Esta festividad, que hunde sus raíces en la época colonial, representa uno de los pilares del Patrimonio Cultural Inmaterial de la región barloventeña. La celebración une a los pobladores de El Guapo y La Laguna en un recorrido que fusiona la fe religiosa con la identidad de los pueblos pescadores, detalló Mariam Martínez, secretaria de Patrimonio Cultural Inmaterial de Miranda.
Un recorrido de fe entre el río y el mar
La jornada comenzó el pasado 31 de enero, cuando la imagen fue trasladada desde El Guapo hacia la localidad de Las Lapas.

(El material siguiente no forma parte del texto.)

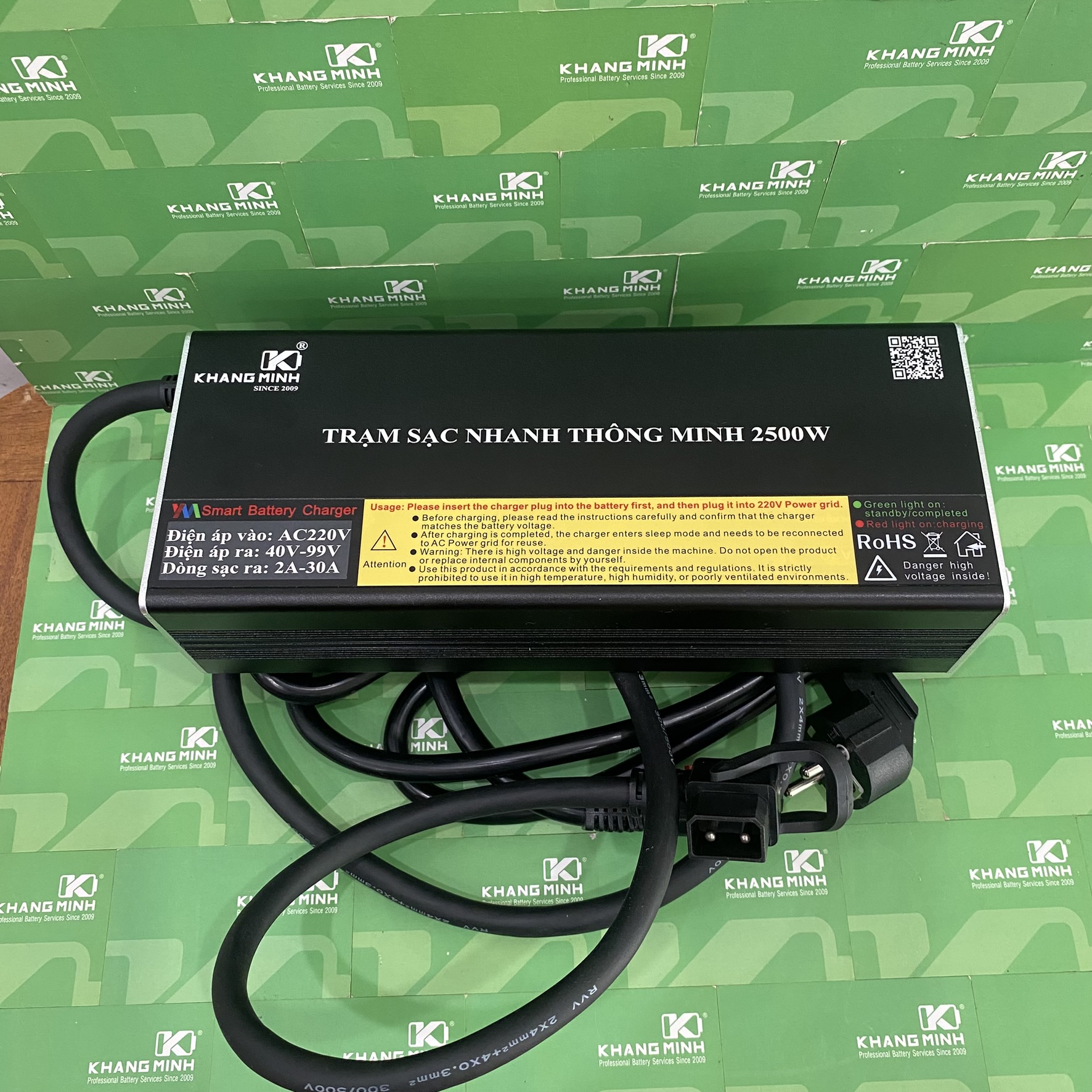 Sạc siêu nhanh 2500W 30A VinFast chuyên lắp Trạm sạc nhanh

Durante la madrugada del 1° de febrero, los pescadores escoltaron al Niño en una procesión náutica por la laguna, donde el sonido de la parranda anunció su llegada a la orilla.
El momento más emotivo ocurrió en las «Cuatro Esquinas», donde se produjo el encuentro del Niño Jesús con la imagen de la Virgen de la Candelaria, patrona de los pescadores, y el otro Niño residente en Tacarigua.
Voces de la tradición
Para los habitantes de la zona, esta manifestación es sinónimo de esperanza y sustento, Miriam Álvarez, portadora de la tradición con más de seis décadas de trayectoria, relató con orgullo la importancia de mantener vivo este legado.
«Tengo más de 60 años compartiendo esta tradición que tiene más de 109 años. El Niño Jesús es de Tacarigua pero está residenciado en El Guapo. Lo sacamos de la iglesia en un recorrido por las calles hasta Las Lapas; luego los pescadores le cantan en la laguna hasta llegar a la boca, donde el pueblo lo recibe con alegría», afirmó Álvarez.
Desde la Secretaría de Patrimonio Cultural Inmaterial de la Gobernación de Miranda, se resaltó la impecable organización comunitaria para la decoración de las calles y el recibimiento de los feligreses. Históricamente, este evento no solo marca un hito religioso, sino que simboliza la bendición de las aguas para garantizar una pesca abundante, vinculándose directamente con la antigua Feria del Lebranche.
Bajo la gestión del gobernador Elio Serrano, la Gobernación de Miranda reafirma su compromiso con la protección y promoción de las manifestaciones que nos definen como pueblo.
A través del apoyo constante a los portadores y la documentación de estas prácticas, el Gobierno Regional garantiza que el Patrimonio Cultural Inmaterial siga siendo el alma de nuestras comunidades, asegurando que las futuras generaciones hereden una Miranda rica en valores, fe y tradiciones centenarias.